• **Problem**
The task calls for the lines below from the line with "Funny Shark Eating" to the line with "Tenue d'équitation pour", both ends included, copied exactly, without any pictures.

• **Records provided**
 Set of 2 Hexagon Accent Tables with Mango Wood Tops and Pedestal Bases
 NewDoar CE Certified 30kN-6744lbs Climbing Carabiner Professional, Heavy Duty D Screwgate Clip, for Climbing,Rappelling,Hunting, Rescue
...
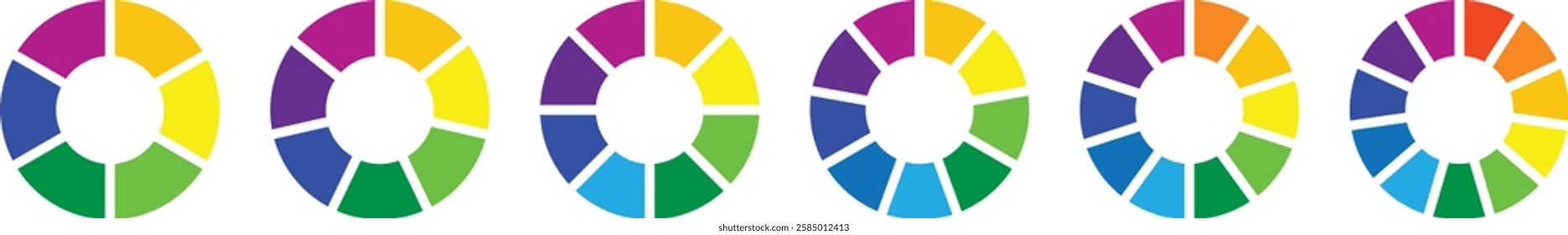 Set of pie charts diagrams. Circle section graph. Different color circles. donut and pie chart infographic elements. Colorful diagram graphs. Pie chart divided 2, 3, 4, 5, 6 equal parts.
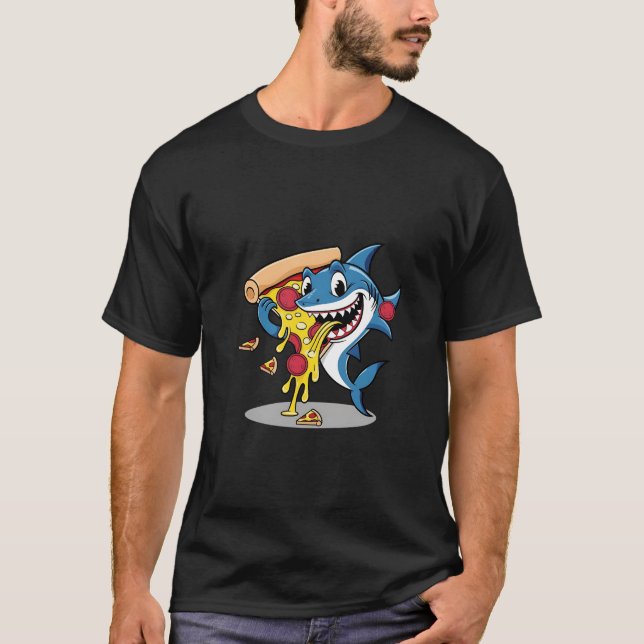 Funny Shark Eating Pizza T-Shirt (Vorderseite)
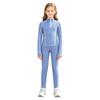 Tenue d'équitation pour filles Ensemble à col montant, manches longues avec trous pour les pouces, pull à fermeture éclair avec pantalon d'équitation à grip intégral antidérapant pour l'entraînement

• **Worked solution**
 Funny Shark Eating Pizza T-Shirt (Vorderseite)
 Tenue d'équitation pour filles Ensemble à col montant, manches longues avec trous pour les pouces, pull à fermeture éclair avec pantalon d'équitation à grip intégral antidérapant pour l'entraînement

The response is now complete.